If you’re anything like me, you’ve read nearly every book out there on dating and relationships. When you’ve been single this long, you can’t help but think it’s you, so you take yourself on as a project and try to read and learn as much as you can in the hopes of not fucking up your next relationship so that maybe, just maybe you won’t be single for the rest of your life.
If there is only one book you read on the subject, please read The 5 Love Languages: The Secret to Love That Lasts by Gary Chapman (Chicago: Northfield Publishing, 2010). It will completely transform your thinking on love and relationships.
Chapman defines the 5 love language as:
- Words of Affirmation
- Quality Time
- Receiving Gifts
- Acts of Service
- Physical Touch
Obviously most people enjoy all of these things from their partner. But Chapman argues that we usually have one or two dominant love languages. For me, it’s words of affirmation and physical affection.
Chapman’s basic argument is that we need to understand our partner’s love languages and our own in order to ensure we’re giving them what they need and we’re getting what we need to feel loved in return. The way people give and receive love is different. You may think you’re giving your partner tons of love, but because it’s not in their love language, they don’t interpret it as love.
For example, if you’re a words of affirmation person, you like to hear that you look great in that dress, that the dinner you cooked was delicious and be asked how your day was. But your partner may be a quality time person, so they just want to watch the sunset together that evening. They think they’re being a loving, supportive partner because you’re spending quality time together watching the sunset, but you feel empty because you just want them to tell you that you’re beautiful.

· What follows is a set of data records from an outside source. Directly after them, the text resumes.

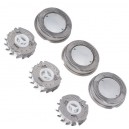 Conjunto (3x) Laminas Compativel C/ Philips HP1915L, HQ3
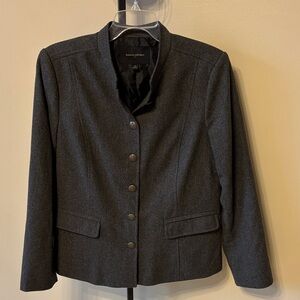 Banana Republic Charcoal Blazer size 12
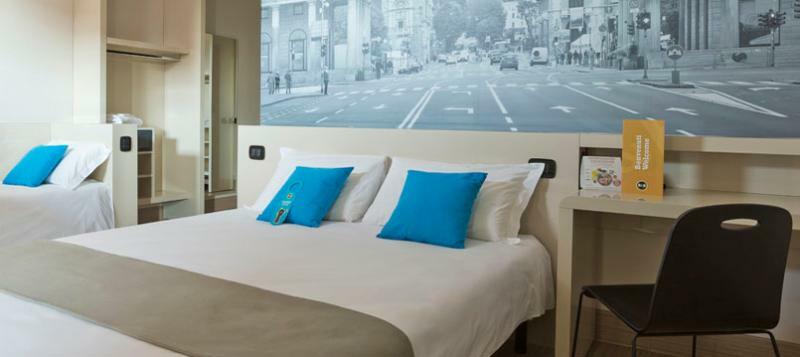 B&B Hotel Bergamo City Exterior foto
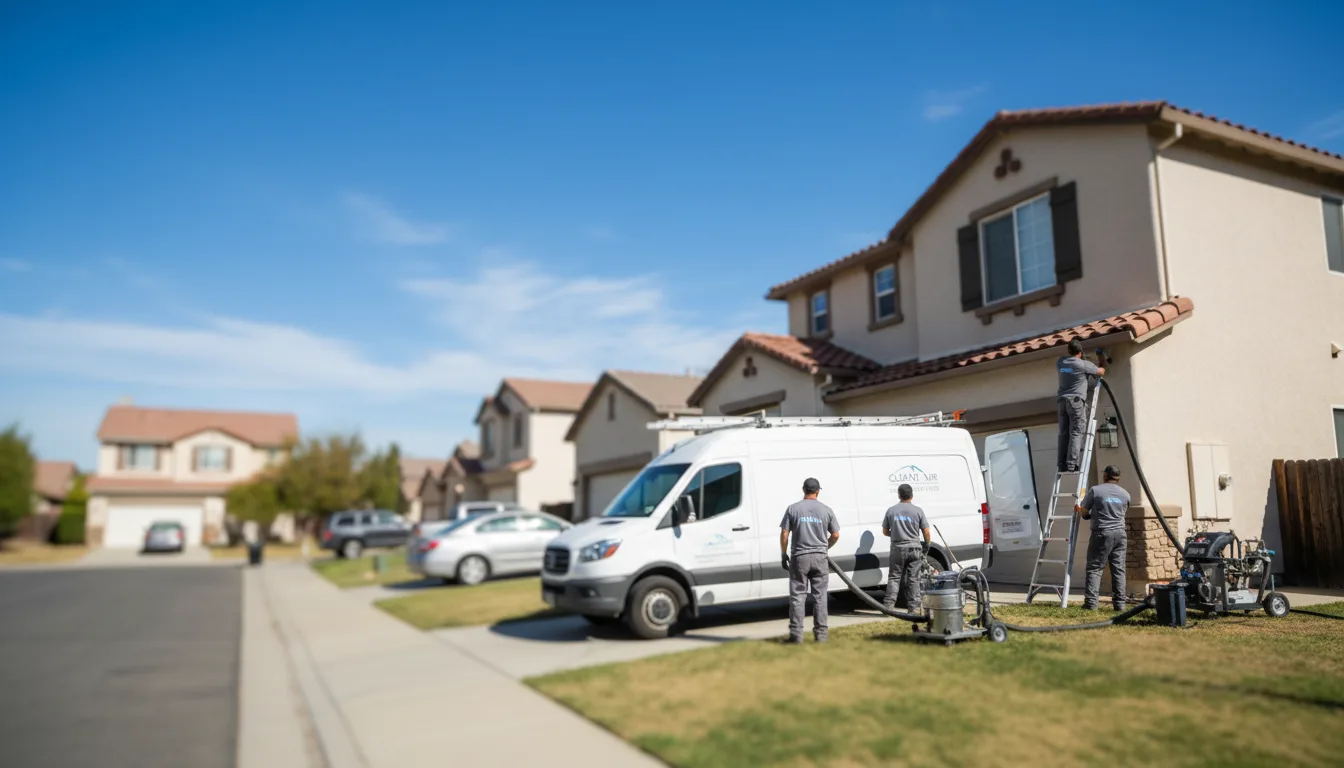 Air Duct Cleaning in Brownsville, IN near me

Another example could be that you’re a physical affection person. You like all the kisses and cuddles and love pats and hands on the knee and holding hands you can get. But your partner is an acts of service person. They’ll change your oil or wash your car for you, but you don’t register that as love. Sure, it’s a nice gesture, of course, but all you really want is a hug and a kiss and a cuddle.
As you can imagine, there are a million different scenarios of two people who give and receive love differently. Once you understand what your love language is and what you need to feel loved, you can communicate that to your partner. Then you can get an understanding of their love languages and what they need to feel loved.
More often than not, you’ll both need to adapt how you give love to ensure the other feels loved. It’s such a simple concept, but when you both have an understanding of the love languages and actively work to give the other what they need, it will make a profound difference in your relationship.
Trust me, read the book. It is a quick read and will legitimately transform the way you think about dating and your relationships forever.